“Freaky Friday” on a Monday and the Blessing of Community

“Freaky Friday” on a Monday and the Blessing of Community

 

The new Hale Centre Theatre in Sandy.
I’ve taken this beautiful photograph from the Hale Centre Theatre’s website. I hope that they won’t mind.

 

As we fairly often do, we rode up to Salt Lake Valley with friends this evening for dinner and a play.

 

Tonight, meeting with still other friends from the neighborhood — twelve or fourteen, altogether — we ate at the Tin Roof Grill in Sandy, which none of us had ever visited before.  Everybody seemed to enjoy their meals, and those who had desserts sang their praises.  My wife and I ordered (and shared) the White Bean and Steak Pizza and the open faced Hot Smoked Roast Beef Sandwich, both of which I really (really) liked.

 

Then we headed over to the Hale Centre Theatre, not far away, for a performance of the Disney musical Freaky Friday, which shares common descent with the 2003 Disney film of the same name that starred Jamie Lee Curtis and the unfortunate Lindsay Lohan.

 

Freaky Friday is pretty light fluff, but it was entertaining, funny, and, as is almost invariably the case at the Hale theaters, well performed.

 

The two leads for this evening — Scout Smith (as Ellie Blake) and Bailee Morris (as Katherine Blake) — were very good.
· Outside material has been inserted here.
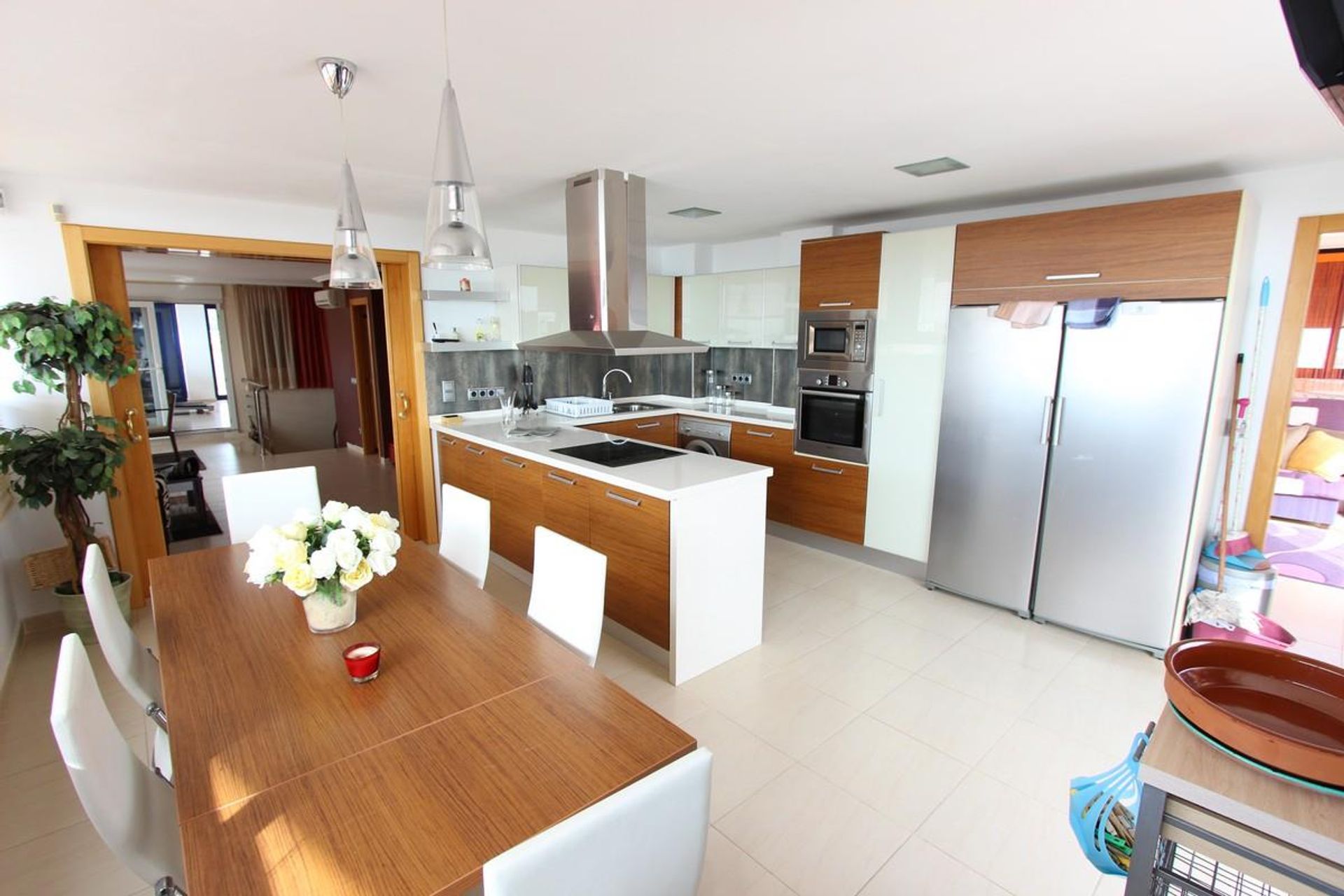 Condominium in Calpe, Comunidad Valenciana 11288167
In fact, I thought that Scout Smith was remarkable.

 

My favorite of tonight’s songs was probably “Bring My Baby (Brother) Home,” which is sung by Ellie, Katherine, Mike, and two officers in Act II, Scene 3.  But I also liked “Busted,” in Act I, Scene 6, which is performed by Ellie, Katherine, and the Company.

 

As I’ve said before, I think that the Hale theaters are real Wasatch Front treasures.  They’re not typically offering King Lear or Sartre or Anouilh or Samuel Beckett, but if you like live theater and you like to have fun, if you’re a bit tired of the usual Hollywood fare, if you don’t want to be disgusted or to be obliged to shelter your children, and if you haven’t done so already, you should try them out.

 

I must say, too, that one of the ways in which our membership in the Church of Jesus Christ of Latter-day Saints enriches our life is its strengthening of the ties within our neighborhood.  The community in which I grew up in Southern California was a good one, and reasonably warm.  But I don’t think that the people in that community went out together very often to sporting events or plays or concerts.  We nodded over the fence, but it rarely went beyond that.  At least, I don’t remember doing much together.  Yet I don’t believe that that community was unusual.  And when my parents moved to the neighborhood about 45 minutes away where they would spend the almost three decades that remained of their lives, it was, I think it not unfair to say, a neighborhood of polite strangers.  Our neighborhood here, however, is a very close one.  We do many things together, and far away not only on Sundays.  And I credit that to our shared membership in the Church.